I did take a quick taste before shaping the cake to see how it was going.  Sadly, the cream cheese frosting did nothing positive to the overall flavor.  Now don't get me wrong, the frosting/cake mixture did not taste bad, but the "holy crap this cake is good" element was gone.  I wanted to retain that impact because, as I've said several times so far and will probably say a few more before I'm done, this cake is freaking awesome.  For frosting attempt number 2 used the family butter cream recipe with some slight alterations for flavor purposes.

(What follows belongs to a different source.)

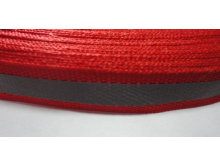 Тесьма светоотражающая 1см (50м) красный Тесьма светоотражающая 1см (50м) красный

Not the prettiest cake ever, but this is why we test things.  The next weekend I did it again and with much better results.  It came out very pretty.


 


The color turned out a lot better with fresher dye.  It's amazing how big a difference that makes.   I peeled the outer crust off the cake this time, which was odd.  It left me a hollow shell of a cake.  I'll have to come up with something fun to do with that at some point.  Once I had the cake all nice and crumbly, which it did much better this time hence the importance of skinning the thing, I whipped up some home made butter cream icing which I dyed to match.  Mixing the two together provided a delightful mixture that looked rather like dirt.  It's a little softer than the kitty poo cookie consistency but I bet it could work for that or for any other gross food shaping thing.  The new trouble was that there was way too much butter/grease in the cake.  The rum cake is a super moist cake even if you don't do the rum glaze and the butter from the icing was just too much.  For the final cake I'm just going to use icing sugar, food dye, and water (or maybe rum!) until it's the paste-like texture I need.  Happily the more frosting, less cake skin, better dye thing worked out really well for this try!


I think with a little more red in the cake and some bile sauce this may just be the most revoltingly delicious cake ever!